Prof Ariyaratne’s film starts with her, now a nun in the Order started by Prajapathi Gotami, knowing her death is near, walking to where the Buddha resides. While travelling, her voice narrates the scenes on screen: the story of the Buddha from her view, knowing him not only during the nine years of their marriage but from many previous lives where too she was his wife.


A great character trait


I come to the present to state that apart from the face and figure beauty of any woman is the radiance of her nature. Thus her beauty matures and is more striking as experience etches her face, not only with laugh lines but furrows left by travails undergone. Why suffering? Most women have much to contend with; maybe an irresponsible, licentious, alcoholic, abusive husband. She has to care for her children, sometimes on her own. She has to veer away from abuse, gossip, harassment, indifference and discrimination. She may have to pass from the control of her father to her husband to her son. She sacrifices constantly subsuming her needs to those of parents, in-laws, husband and children.

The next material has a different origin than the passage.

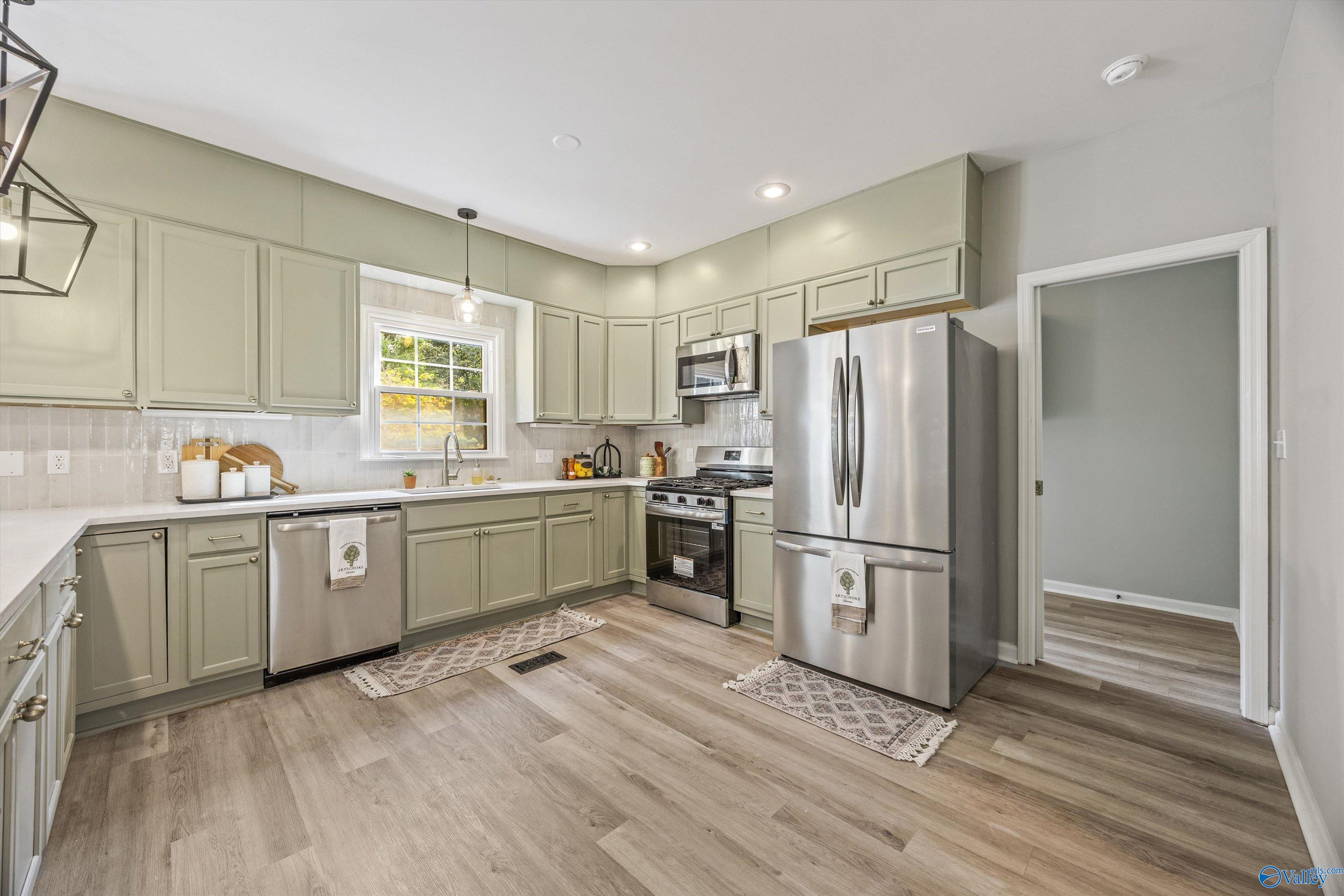 2628 Spicewood Trail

But there is steel within. Consider those who take centre stage like Eleanor Roosevelt and our own Sirima Bandaranaike. Think of the majesty and steadfastness of Queen Elizabeth II. Here is a woman in love with her prince but in the name of the country, willing to ignore his lapses. The incident of his partying with Profumo with Christine Keeler present is specifically shown in the Netflix film The Crown. The young Queen is depicted devastated but forgives her husband who, on his knees, tells her he promised her father to care for her and that he has done.


Consider our own women who have suffered and risen from the civil war, insurrections, the tsunami and droughts and floods. Just look at widows, how they take their lives in hand and move on fulfilling responsibilities to their dependents until they are free of burdens.


Bless all women is all I can say to end this praise of members of the so called weaker sex; a complete misnomer!